$q_{max }$ is the maximum heat that could be transferred between the fluids per unit time, in the ideal case that the temperature difference between the input and output of a flow is equal to the maximum possible (see below).
$q_{max }$ is calculated as the product of :
- the maximum temperature difference i.e. the hot inlet $T_{h,i}$ minus the the cold inlet temperature $T_{c,i}$
$$\Delta T_{max} = T_{h,i}- T_{c,i}$$
- the minimum product of mass rate and heat capacity
$$C_{min}= \min\left(\dot{m}_h\cdot c_{p,h}, \dot{m}_c\cdot c_{p,c}\right)$$
so $q_{max }$ is given by:
$$q_{max } = C_{min}\Delta T_{max}$$
The reason that is done, because in the best case scenario, the maximum heat is transferred when the hot reaches the inlet cool temperature (and vice versa). Beyond that point there is no exchange if there is no temperature difference.
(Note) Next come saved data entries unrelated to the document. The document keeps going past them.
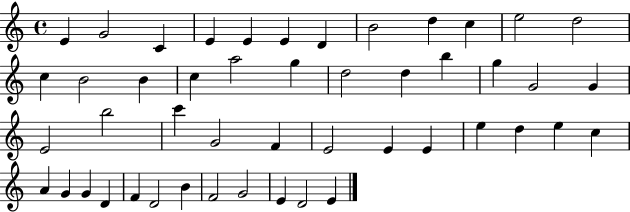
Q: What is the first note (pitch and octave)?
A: E4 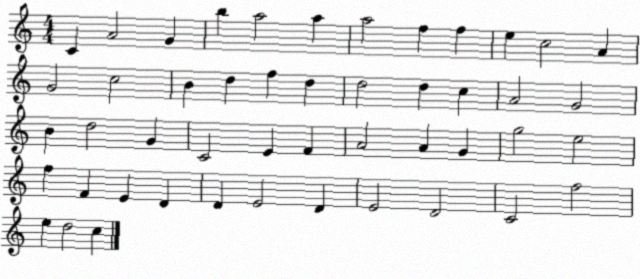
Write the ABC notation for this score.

X:1
T:Untitled
M:4/4
L:1/4
K:C
C A2 G b a2 a a2 f f e c2 A G2 c2 B d f d d2 d c A2 G2 B d2 G C2 E F A2 A G g2 e2 f F E D D E2 D E2 D2 C2 f2 e d2 c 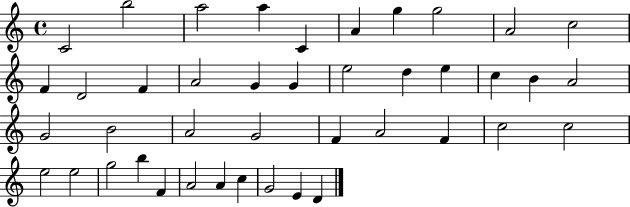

The minimum $\dot{m}\cdot c_{p}$ is selected because depending on the properties, -in the generic case - only one of the flows will reach the limiting temperature (be that cold or hot). That will be depended on the mass flow, and on the material heat capacity properties (i.e. how much energy is required to increase by 1 deg the temperature of 1 kg).